Aim of the exercise:
For this listing, the lines between the one holding "Bath tub with" and the one holding "Black Silicone Eyelet Round Shape Tunnel Earskin Black", inclusive, must be set down exactly.

Available data:
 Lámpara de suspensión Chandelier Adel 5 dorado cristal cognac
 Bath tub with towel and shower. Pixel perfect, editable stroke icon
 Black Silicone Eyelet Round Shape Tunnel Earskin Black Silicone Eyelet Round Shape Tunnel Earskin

--

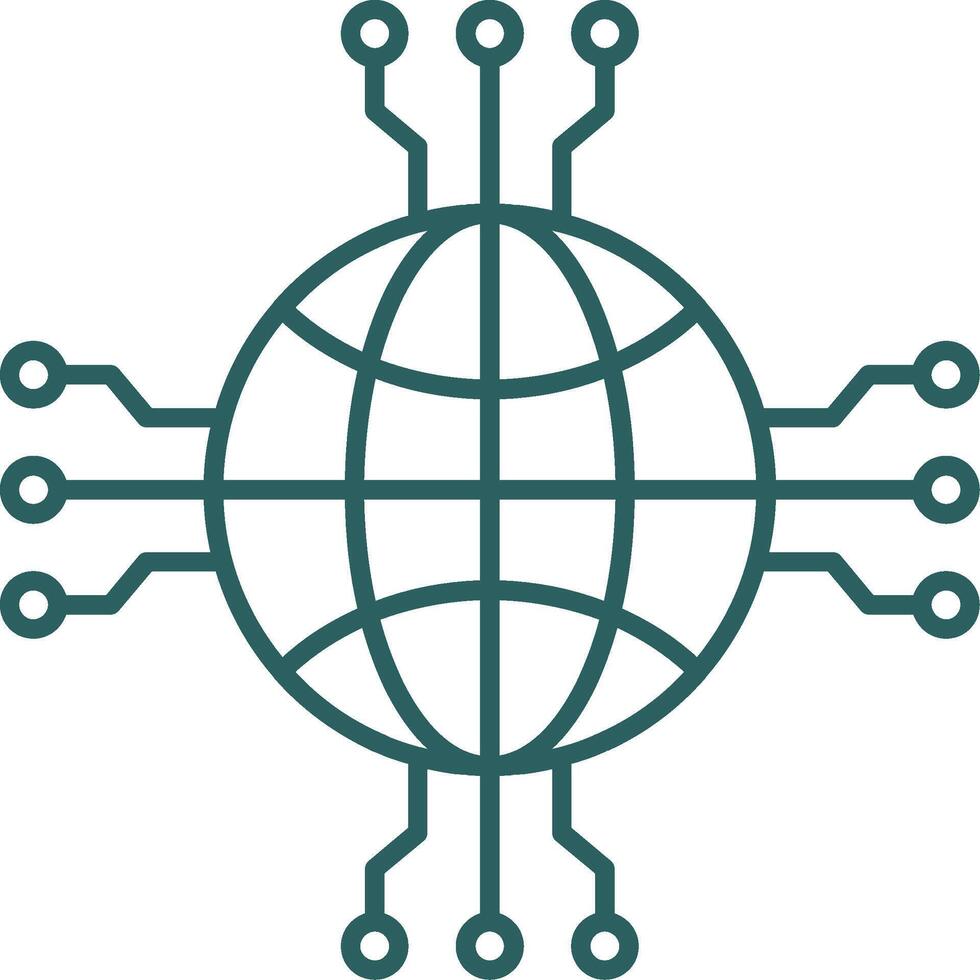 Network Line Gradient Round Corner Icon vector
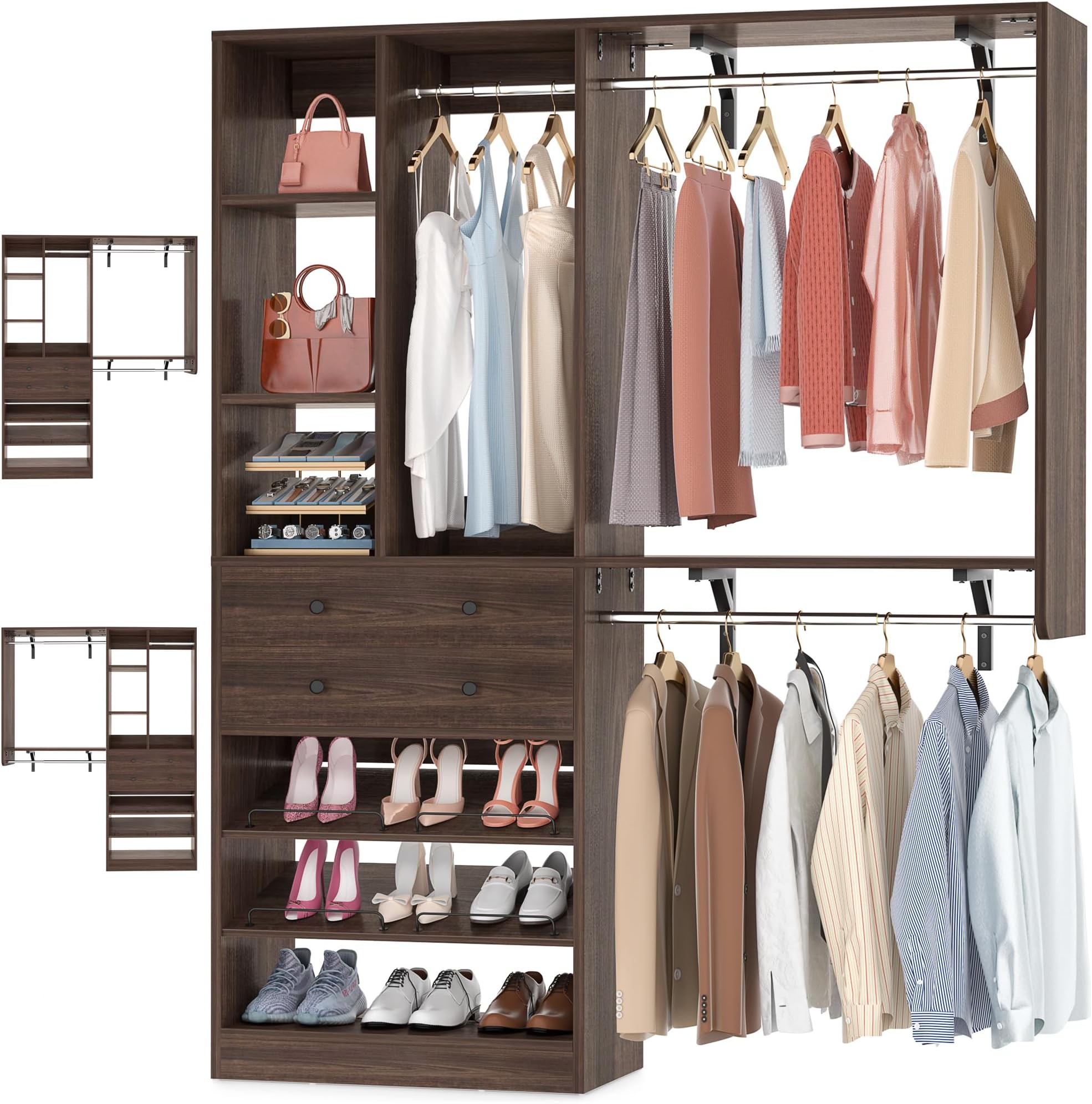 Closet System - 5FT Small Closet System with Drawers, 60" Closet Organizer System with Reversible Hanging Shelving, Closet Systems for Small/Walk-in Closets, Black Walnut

--

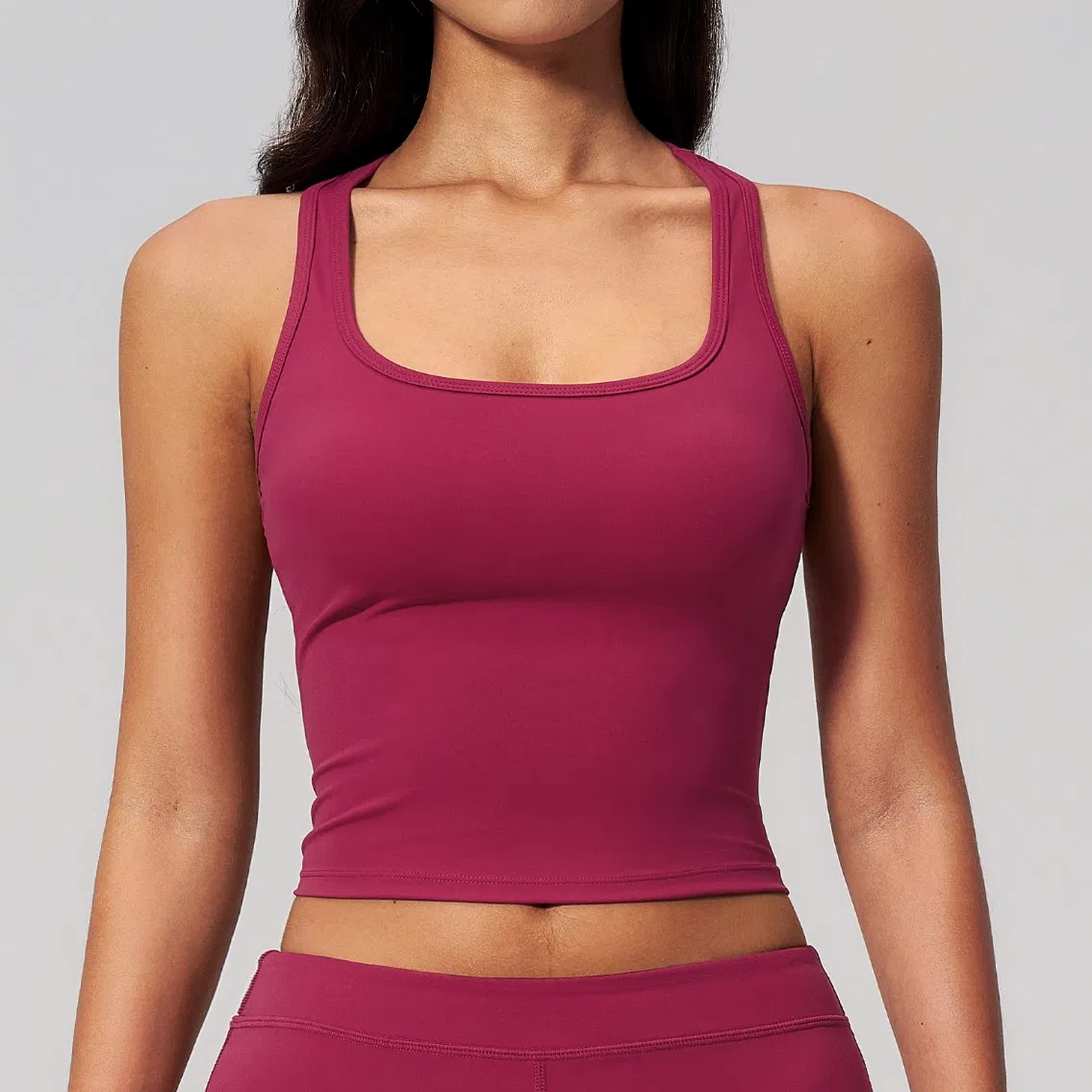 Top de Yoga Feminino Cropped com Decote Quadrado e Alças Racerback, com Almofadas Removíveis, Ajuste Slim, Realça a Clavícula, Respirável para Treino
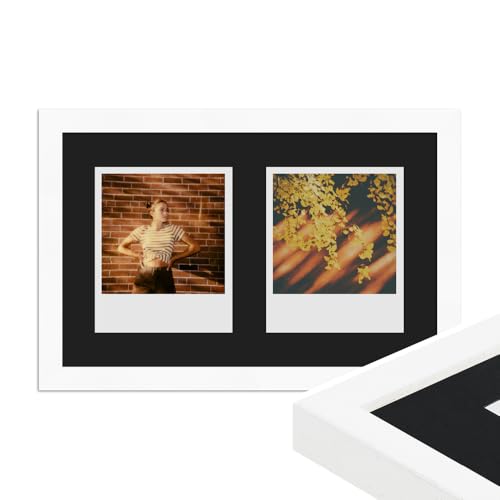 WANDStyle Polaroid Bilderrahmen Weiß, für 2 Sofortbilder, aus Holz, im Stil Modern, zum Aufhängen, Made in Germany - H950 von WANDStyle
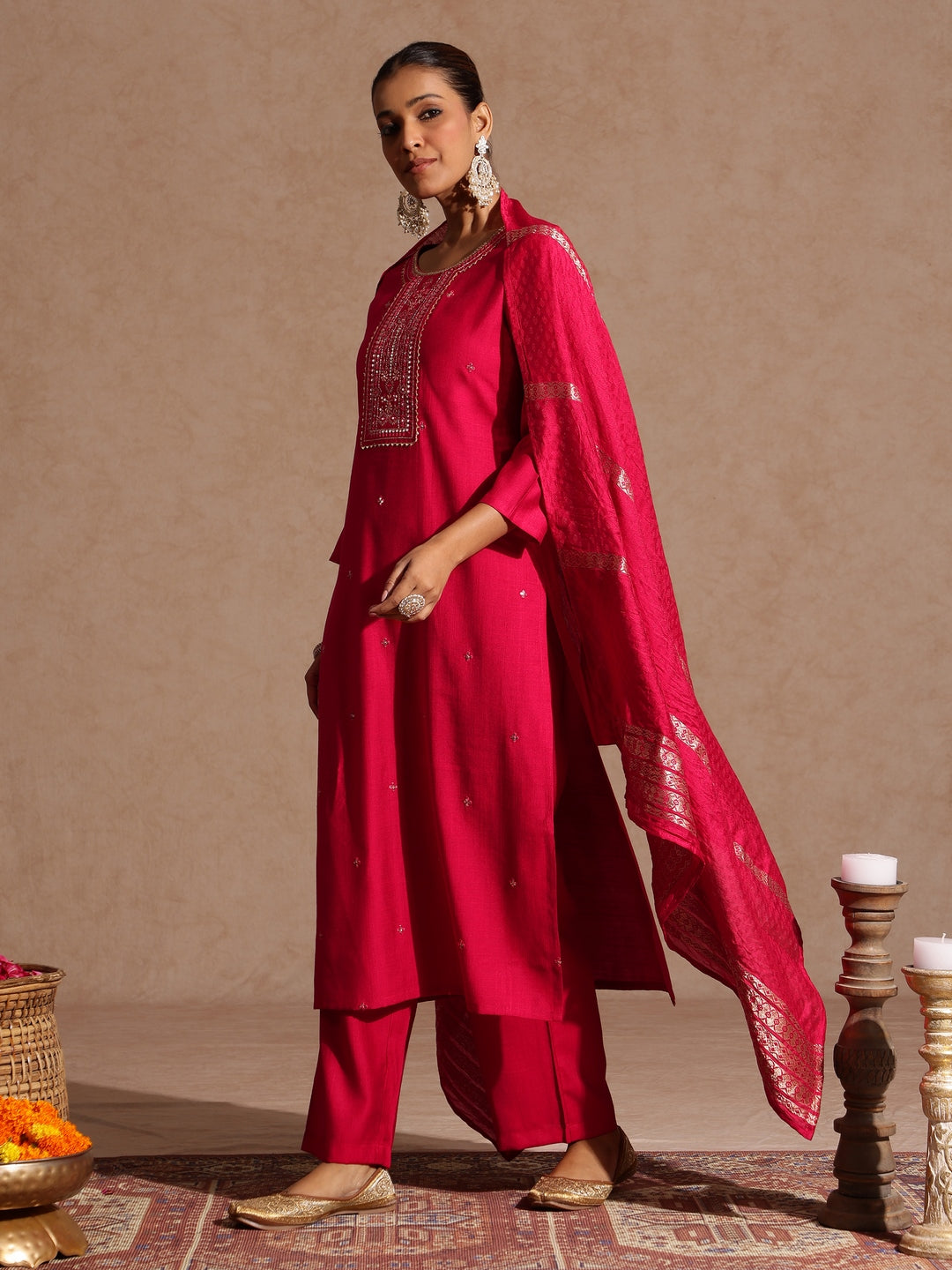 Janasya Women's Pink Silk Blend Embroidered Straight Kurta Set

Written solution:
 Bath tub with towel and shower. Pixel perfect, editable stroke icon
 Black Silicone Eyelet Round Shape Tunnel Earskin Black Silicone Eyelet Round Shape Tunnel Earskin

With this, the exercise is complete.